▸ **WHAT YOU SHOULD DO**
Going line by line through the entries below, count those that contain "Floral". Give the number by itself.
── DATA UNDER STUDY
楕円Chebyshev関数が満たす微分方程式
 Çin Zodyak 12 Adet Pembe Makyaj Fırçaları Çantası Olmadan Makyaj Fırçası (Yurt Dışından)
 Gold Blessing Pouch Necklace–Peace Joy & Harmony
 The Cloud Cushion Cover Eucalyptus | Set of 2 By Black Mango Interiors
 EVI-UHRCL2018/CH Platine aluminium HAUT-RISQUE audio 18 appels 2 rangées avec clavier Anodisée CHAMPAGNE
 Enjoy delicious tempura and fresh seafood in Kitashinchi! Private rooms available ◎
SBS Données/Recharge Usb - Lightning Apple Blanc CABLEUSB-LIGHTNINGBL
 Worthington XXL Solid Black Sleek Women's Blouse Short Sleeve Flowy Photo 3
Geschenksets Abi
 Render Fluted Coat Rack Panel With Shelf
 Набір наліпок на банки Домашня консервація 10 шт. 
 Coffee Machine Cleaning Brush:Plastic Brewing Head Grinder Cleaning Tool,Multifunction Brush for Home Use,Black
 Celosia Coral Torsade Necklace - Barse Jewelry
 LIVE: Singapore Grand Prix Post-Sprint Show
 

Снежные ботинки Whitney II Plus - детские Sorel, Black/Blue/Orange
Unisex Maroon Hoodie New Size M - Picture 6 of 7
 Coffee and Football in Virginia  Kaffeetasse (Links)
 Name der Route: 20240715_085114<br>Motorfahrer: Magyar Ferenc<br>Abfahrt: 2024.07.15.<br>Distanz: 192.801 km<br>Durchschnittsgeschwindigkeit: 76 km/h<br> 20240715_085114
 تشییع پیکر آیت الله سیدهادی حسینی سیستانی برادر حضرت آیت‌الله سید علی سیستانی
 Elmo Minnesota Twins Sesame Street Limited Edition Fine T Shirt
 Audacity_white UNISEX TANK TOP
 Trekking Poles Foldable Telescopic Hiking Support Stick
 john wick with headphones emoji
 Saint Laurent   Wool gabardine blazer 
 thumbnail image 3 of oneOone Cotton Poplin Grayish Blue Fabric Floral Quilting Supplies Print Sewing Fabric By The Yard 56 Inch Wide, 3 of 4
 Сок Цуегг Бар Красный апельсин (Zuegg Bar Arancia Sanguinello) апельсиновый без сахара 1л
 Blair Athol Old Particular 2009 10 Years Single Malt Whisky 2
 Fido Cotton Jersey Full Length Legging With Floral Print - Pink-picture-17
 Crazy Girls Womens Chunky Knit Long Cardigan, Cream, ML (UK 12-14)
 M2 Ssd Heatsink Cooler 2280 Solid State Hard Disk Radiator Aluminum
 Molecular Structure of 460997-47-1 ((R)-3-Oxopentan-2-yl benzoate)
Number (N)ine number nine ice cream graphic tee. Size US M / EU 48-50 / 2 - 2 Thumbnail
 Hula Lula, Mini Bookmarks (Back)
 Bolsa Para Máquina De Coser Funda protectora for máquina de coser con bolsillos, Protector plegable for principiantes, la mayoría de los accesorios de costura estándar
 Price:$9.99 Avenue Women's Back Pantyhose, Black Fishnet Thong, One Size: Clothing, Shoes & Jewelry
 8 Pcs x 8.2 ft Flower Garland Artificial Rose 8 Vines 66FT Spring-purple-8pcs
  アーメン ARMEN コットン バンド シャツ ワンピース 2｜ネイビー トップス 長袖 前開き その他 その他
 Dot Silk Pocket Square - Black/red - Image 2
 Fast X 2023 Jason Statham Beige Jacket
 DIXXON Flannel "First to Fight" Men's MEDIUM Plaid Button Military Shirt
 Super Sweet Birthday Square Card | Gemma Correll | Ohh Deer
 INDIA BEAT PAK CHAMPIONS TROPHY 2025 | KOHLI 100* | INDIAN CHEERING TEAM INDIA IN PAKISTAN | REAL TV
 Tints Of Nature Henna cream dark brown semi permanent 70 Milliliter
────
▸ **EXERCISE ANSWER**
2